[
https://issues.apache.org/jira/browse/HBASE-8925?page=com.atlassian.jira.plugin.system.issuetabpanels:comment-tabpanel&focusedCommentId=13706434#comment-13706434
]
Jesse Yates commented on HBASE-8925:
------------------------------------
I _think_ part of the problem is also that the server gets hit with a bunch of
compactions, limiting its available IO; not entirely confirmed, but it seems
somewhat correlated.
It would be easier to have multiple threads to manage a single server's queue
and could see some good speedup, unless its bandwidth to the machine that is
the limiting factor. I'll run some more tests (or rather, get [~sameerv] to run
them - he was the one who has been doing all the actual testing, I'm just the
debugging monkey) to see if we can confirm either way.
> [replication] Allow lazy RS to help overwhelmed RS
> --------------------------------------------------
>
> Key: HBASE-8925
> URL: https://issues.apache.org/jira/browse/HBASE-8925
> Project: HBase
> Issue Type: Improvement
> Affects Versions: 0.98.0, 0.95.2, 0.94.10
> Reporter: Jesse Yates
>
> Sometimes in usual course of things, one of the regionservers gets waaaaay
> behind replicating its queue; easily build-ups of 40-50 files over just a day
> (running YCSB at the same time). However, this is just for a single RS -
> others don't have anything to replicate. We can manually get around this by
> moving the region load away from the overloaded server (and get smarter about
> this by writing our own load balancer). However, moving regions around just
> to catch up the replication seems a bit heavyweight.

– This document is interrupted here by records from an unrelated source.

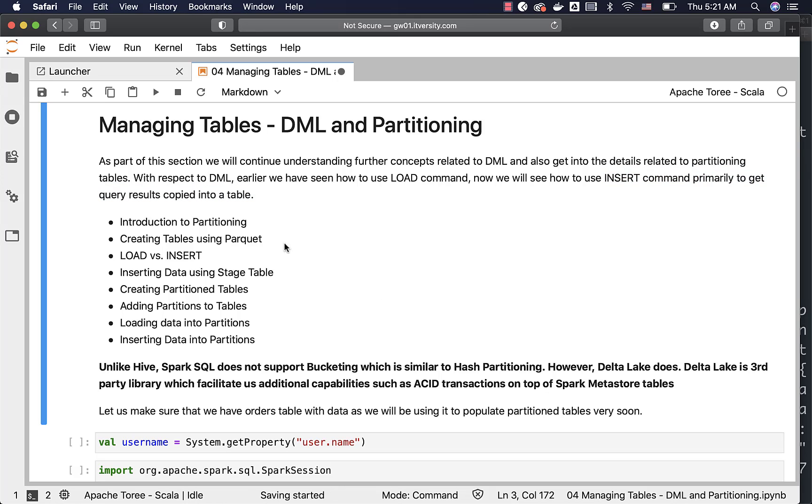We will start with introduction to partitioning, then we will see how to create tables using Parquet. As our source files are text files and our target table is Parquet-related table, we cannot directly use the load command to load the data into this table which is defined as Parquet table and hence we have to use insert and the approach of using a stage table.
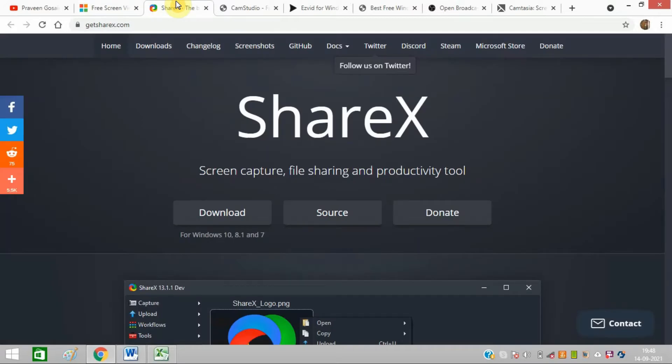The second software is ShareX, an open-source and ad-free tool that boasts almost as many custom features as paid software offers. It's very good software. I use it for screen recording and monitoring my screen for different types of work.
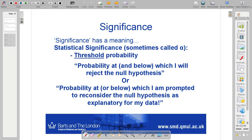The null hypothesis, i.e. there's no difference, explains my data. If that probability gets below a certain threshold, then I'm convinced I've got to reject that null hypothesis. I've got to reject the idea there's no difference and start looking for some other way of explaining my data. So that's why I've paraphrased it as: the probability at or below which I'm prompted to reconsider the null hypothesis as explanatory for my data.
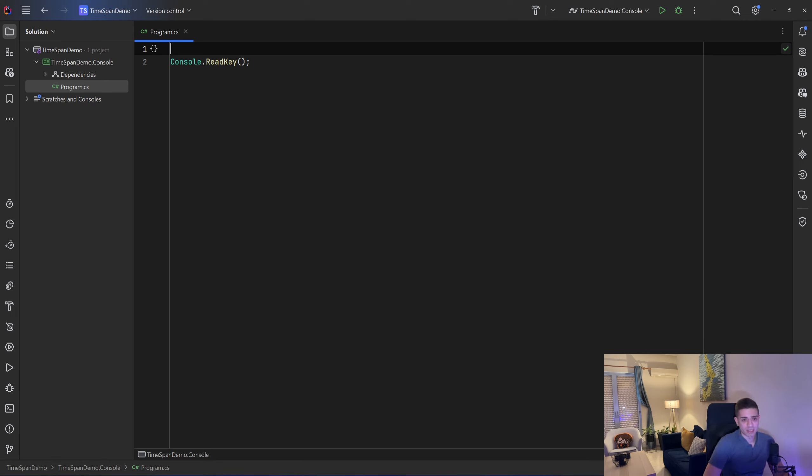So a TimeSpan represents a time interval, so we calculate, we express with that durations.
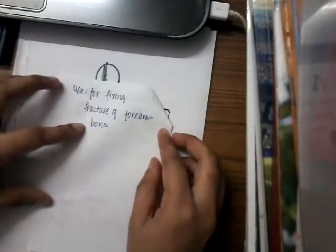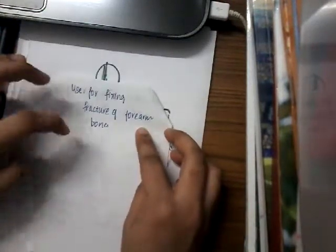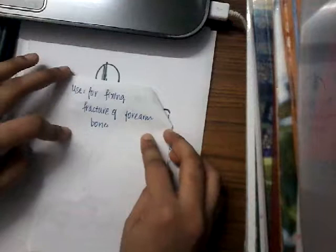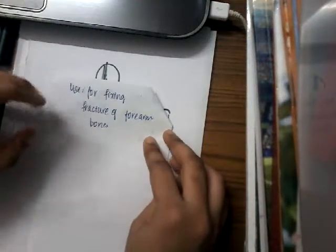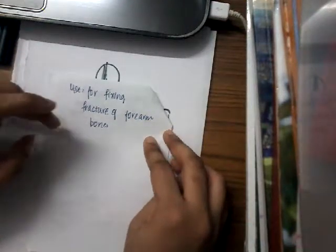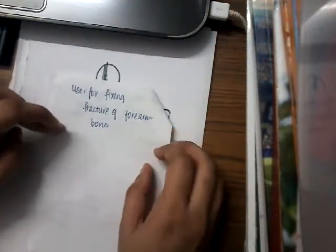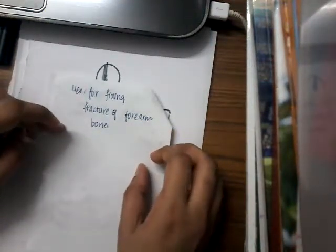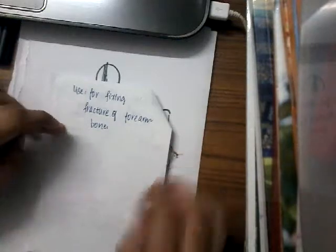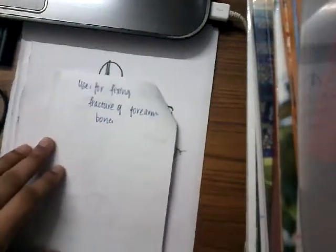What is the use of this Rush nail? It is used mainly to fix forearm bone fractures. Remember it is used to fix forearm bone fractures, either radius or ulna. So this is about Rush nail. Thank you guys.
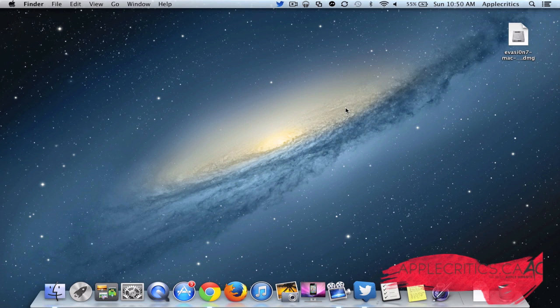Hey guys, what's up? It's AppleCritics from AppleCritics.ca. And in this video, I'll be showing you how to jailbreak iOS 7.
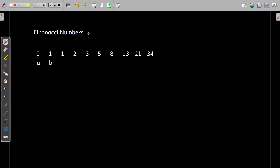Let us write a program in Python to print the first n Fibonacci numbers. Consider that the user enters the value of n as 10, so here the first 10 Fibonacci numbers are printed.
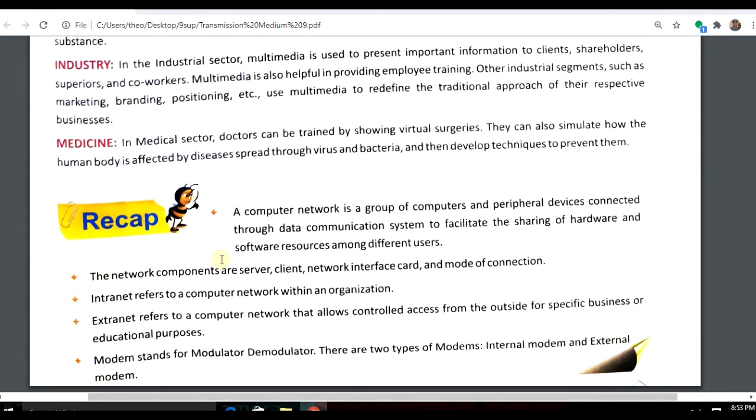There is a recap of this chapter — please read it and go through it. Students, have a great day. Jai Hind, Jai Bharat.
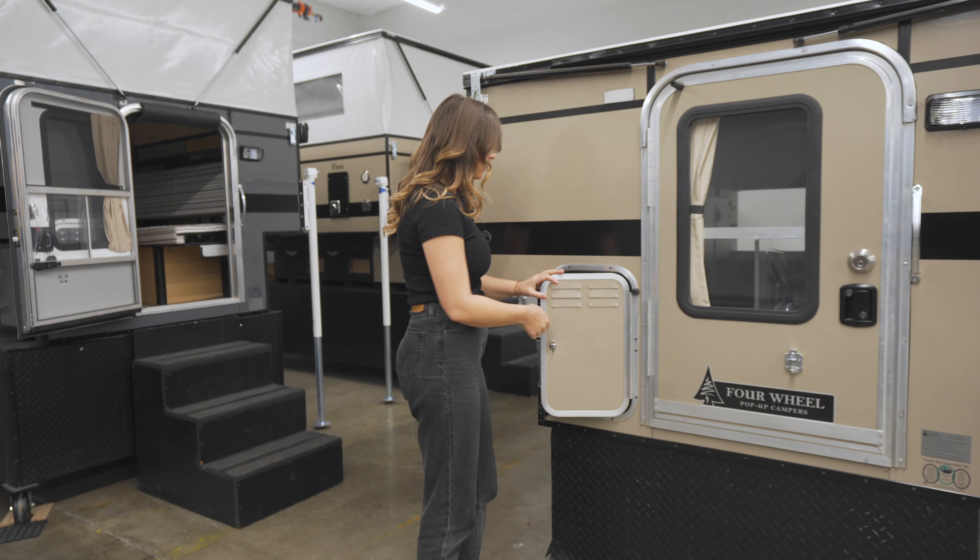Towards the rear we have the 65 liter two-way refrigerator, the optional furnace, and some extra storage.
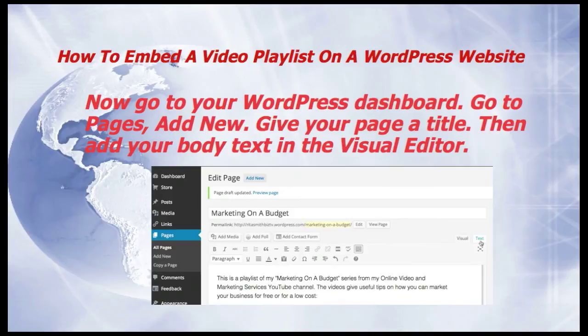Now go to your WordPress dashboard. Go to Pages, Add New, and give your page a title. In this case I've put Marketing on a Budget. Then add your body text in the visual editor.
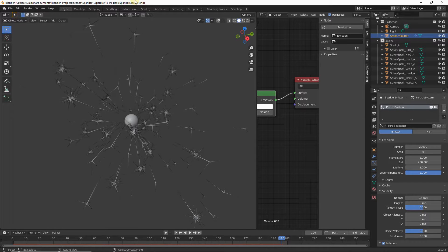Welcome to the second part of the tutorial. We are going to add some enhancements to our sparkler for a more realistic and beautiful result.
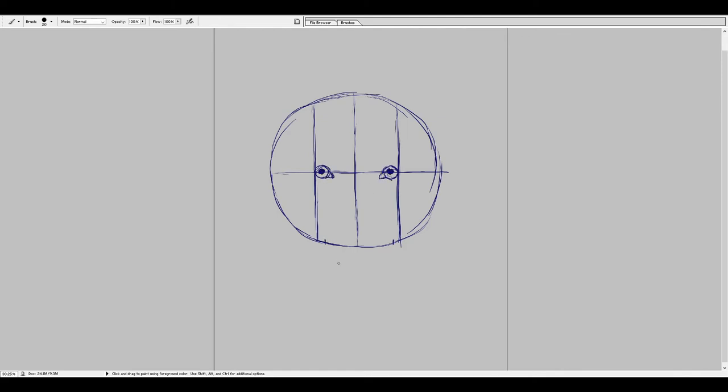Make another circular guide at the bottom, just a bit inside the vertical lines, and about two-thirds overlapping the main head, and this is the snout.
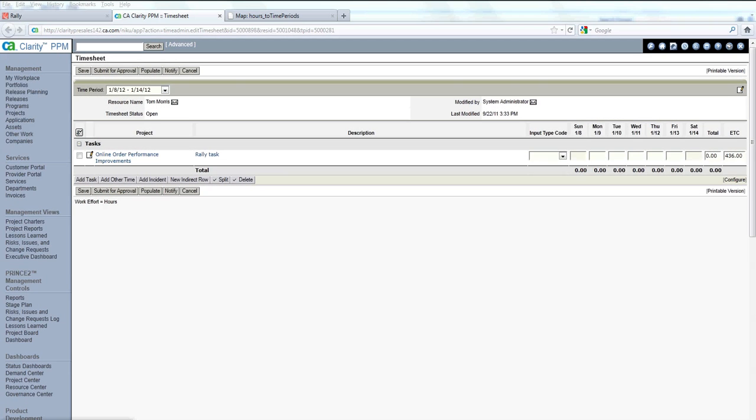Hello, welcome to the Rally Agile Development to CA Clarity Data Integration Demonstration. My name is Todd Freeman with Pervasive Software, a leading provider of data integration platform for ISVs.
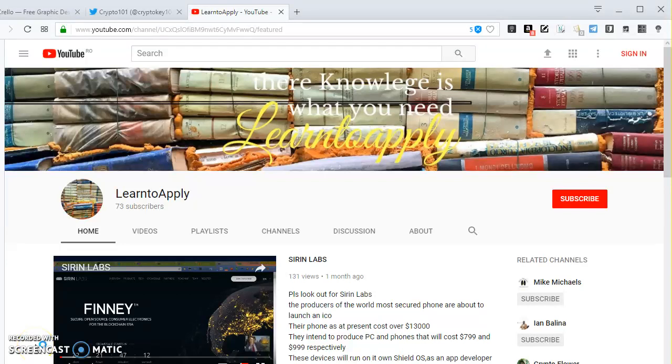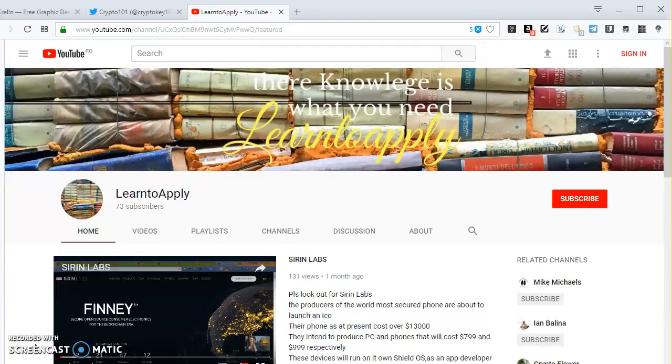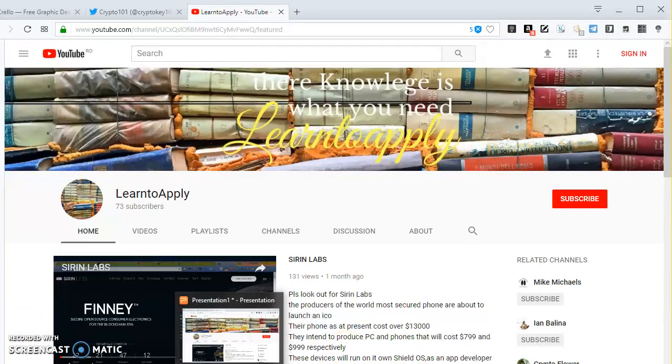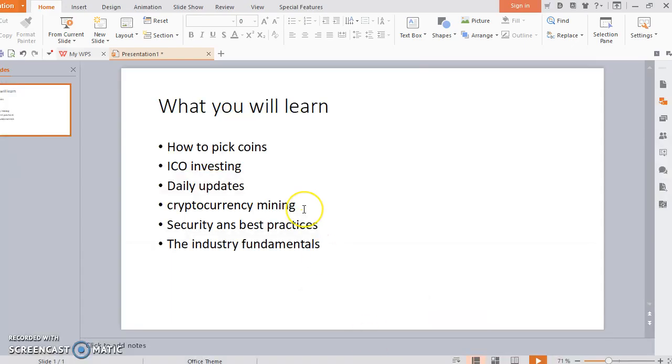Okay guys, welcome! So just to introduce you to my channel, what will you be learning? We'll be learning how to pick the best coins, the criteria, and which coin you should buy.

> From this thread on the dev list:
> http://mail-archives.apache.org/mod_mbox/hbase-dev/201211.mbox/%3CCAFLnt_qj1stL=vre5abwqawpkwkg7ldebwcyhddkbqvx4up...@mail.gmail.com%3E
> it seems like we can already get out-of-order updates for a table on the
> target cluster. Given this is already the behavior (though not common), we
> could allow a 'lazy' RS to have a secondary log to replicate when it has
> time.
> This adds a bit more complexity around who owns which log for replication,
> but could dramatically increase throughput as you aren't bottle-necked by the
> single slow host.
--
This message is automatically generated by JIRA.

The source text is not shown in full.